It is particularly pleasing to photograph my first Blue Banded Bee today because I am currently writing an article on Pollinator Links for the Southside Community News. Pollinator Links are a form of wildlife corridor that has potential to work in our fragmented urban landscape and they are a key strategy in our Mt Gravatt Showgrounds Precinct Landscape Plan.

Blue Banded Bees are an Australian native bee and an important pollinator of our food crops like tomatoes. Some plants will only release pollen when the flower is vibrated rapidly – buzz pollination.

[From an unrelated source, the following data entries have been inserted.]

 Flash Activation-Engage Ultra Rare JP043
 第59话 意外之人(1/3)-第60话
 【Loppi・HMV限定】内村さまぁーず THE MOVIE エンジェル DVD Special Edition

The importance of these and other native buzz pollinators is highlighted by the fact that the commercial honey bee – Apis mellifera, cannot perform buzz pollination. The Blue Banded Bees website cites significant benefits for crops such as tomatoes, kiwi fruit, eggplants and chillies. Blue Banded Bees are thought to improve yields in Australia by at least 30% overall.

I also managed to photograph one of our beautiful Variegated Fairy Wrens Malurus lamberti. A male in full breeding colour. There was a least one female around but she would not sit still for a photo. These delicate little birds like scrubby areas where they are safe from predators, often Lantana. So part of our bush restoration work is ensuring there is that there is replacement habitat established before we remove large areas of Lantana. As we establish Pollinator Links we aim to bring special birds like these back into our community backyards.